→ GIVEN DATA
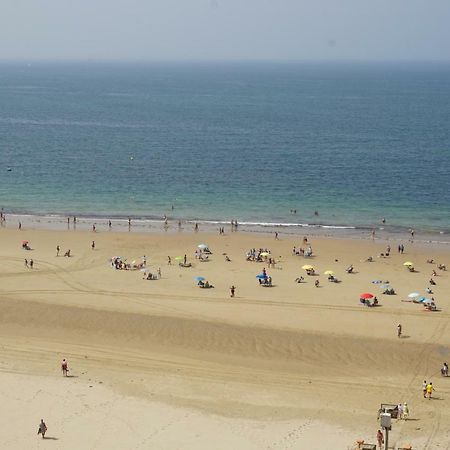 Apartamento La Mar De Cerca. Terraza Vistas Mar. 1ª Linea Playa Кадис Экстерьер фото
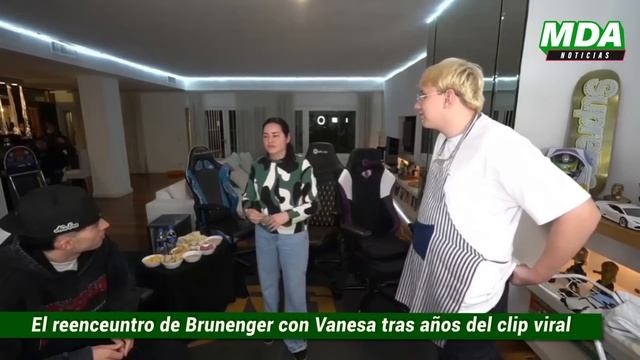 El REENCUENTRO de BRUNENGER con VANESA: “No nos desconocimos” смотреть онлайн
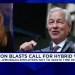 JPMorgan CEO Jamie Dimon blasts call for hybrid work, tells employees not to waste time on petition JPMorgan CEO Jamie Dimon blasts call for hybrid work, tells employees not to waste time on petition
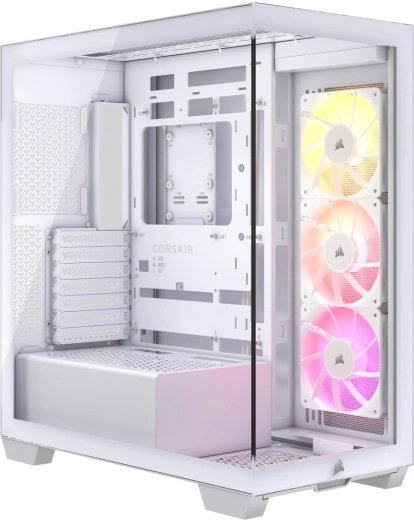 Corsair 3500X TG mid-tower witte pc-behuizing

...

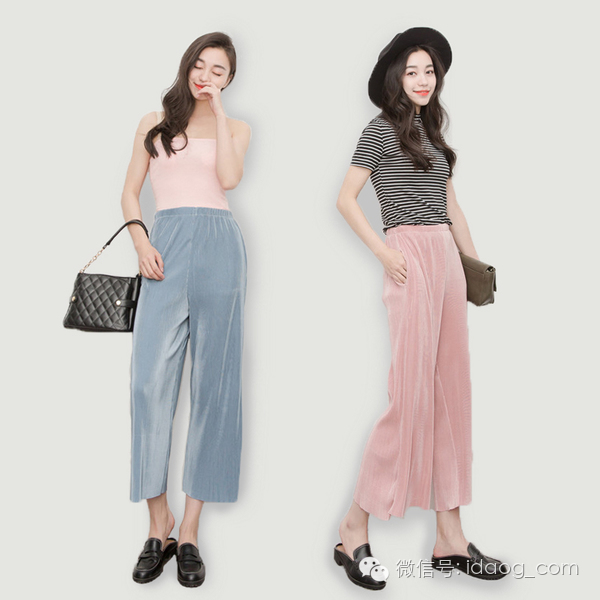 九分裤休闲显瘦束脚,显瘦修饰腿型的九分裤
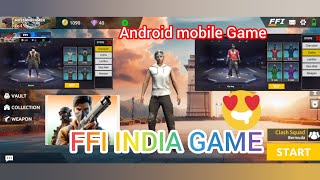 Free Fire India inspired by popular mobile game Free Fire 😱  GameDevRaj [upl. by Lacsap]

→ WHAT YOU NEED TO DO
Word for word, retype the lines in the entries above that run from the one with "Apartamento La Mar" through the one with "Corsair 3500X TG". Both ends count; pictures do not.

→ WRITTEN ANSWER
 Apartamento La Mar De Cerca. Terraza Vistas Mar. 1ª Linea Playa Кадис Экстерьер фото
 El REENCUENTRO de BRUNENGER con VANESA: “No nos desconocimos” смотреть онлайн
 JPMorgan CEO Jamie Dimon blasts call for hybrid work, tells employees not to waste time on petition JPMorgan CEO Jamie Dimon blasts call for hybrid work, tells employees not to waste time on petition
 Corsair 3500X TG mid-tower witte pc-behuizing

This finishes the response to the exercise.